Cells called melanocytes manufacture a natural pigment that the skin gets its color from-melanin. Melanocytes lie in the top layers of the skin; when they grow in clusters they combine to form a mole. Researchers have yet to identify why moles come into existence and if they even have a purpose, but they do feel that they are determined before birth as to where they will wind up. Moles are most often a dark brown hue, but they can also be skin colored as well. Moles come in all sorts of shapes and sizes, and usually show up during the first twenty or so years of a person’s life. Exposure to the sun seems to increase the number of moles, and can also make them darker.

When a mole first forms, it is flat and looks a lot like a freckle, tan in color. They can also be pinkish, black, or brown, and as time passes moles will normally get bigger in area. Some moles develop hairs within them, some become raised, and others get lighter in color or fade away altogether. Congenital levi are moles that are present at birth, an occurrence that happens to one in one hundred infants. Large moles, present from the get-go, have a higher risk of turning cancerous; those bigger than four inches in diameter bear constant scrutiny as the years pass. At some point, moles this big may need to be removed to alleviate the risk of malignant melanoma, a deadly type of skin cancer. Atypical moles are moles that are larger than a quarter of an inch and irregular in shape. Atypical moles have a tendency to be hereditary and have a light exterior border with a darker brown middle. They go hand in hand with an elevated risk of skin cancer. A large number of moles on one person are also a potential red light as far as cancer is concerned.

If you develop a new mole as a young adult, notify your doctor so it can be examined to determine if there is a problem. People should have a skin examination every three years as a rule of thumb, so your physician can spot any irregularities, especially with moles. When a mole is suspected of being cancerous, a tissue sample will be taken from it and looked at. If the fear of cancer is proven true, it must be removed. Moles will generally not reappear once they are eliminated, but occasionally they can, which should make you head back to the doctor to have it once again eradicated. Doctors can take a mole off in different ways. Shave excision is the name for the procedure in which a mole is shaved off with a small blade after the area has been numbed. A punch biopsy describes an operation where the mole is removed with a small device similar to a cookie-cutter, and excisional surgery gets rid of the mole by cutting it out, along with a small area of skin around it. Almost all the time these procedures can be done in your doctor’s office.

Dermatologists have what they call the A-B-C-D method of examining moles to detect melanoma and skin cancers. The American Academy of Dermatology says that A is for Asymmetrical shape in moles, where one half of a mole differs greatly in shape from the other half. B stands for an irregular Border of a mole, when the outer edges of a mole are ragged, notched, or seem blurred. C means look for changes in Color, where the mole’s color is not uniform throughout, or it is multi-colored.

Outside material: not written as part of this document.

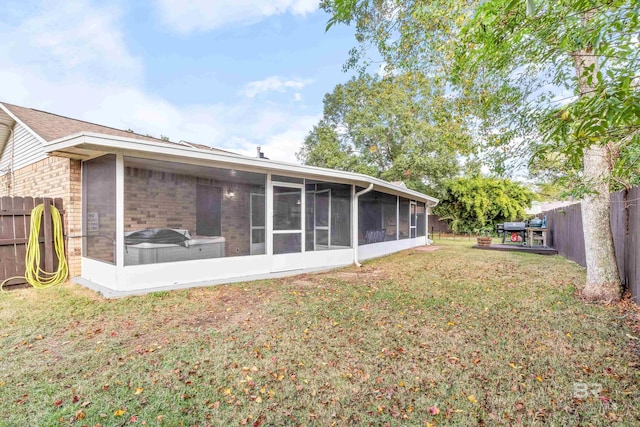 back of house featuring a sunroom and a yard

D is for Diameter, with any mole bigger across than a pencil’s eraser raising a degree of alarm. Any mole that fits these categories should be checked by a doctor to rule out melanoma or skin cancer.

Irritation of a mole will not cause it to turn cancerous, so if it is in a location where it could be shaved over, it is safe to do so. For cosmetic reasons, some moles that contain hairs can be made less unsightly by clipping the hairs close to the surface or having them removed totally by means of electrolysis or a laser technique. Some moles can be covered or disguised with make-up if you do not want them removed, and there are special products on the market designed to make blemishes less noticeable. To lessen the possibility of moles becoming cancerous, try to avoid the time of day when the ultraviolet rays of the sun are most intense, usually from ten in the morning to four in the afternoon. Use proper sunscreen and follow the directions, and wear clothing that affords you protection from ultraviolet rays, such as long sleeves. If you cut a mole or it is subject to any type of trauma and fails to heal, see your physician at once, to be on the safe side.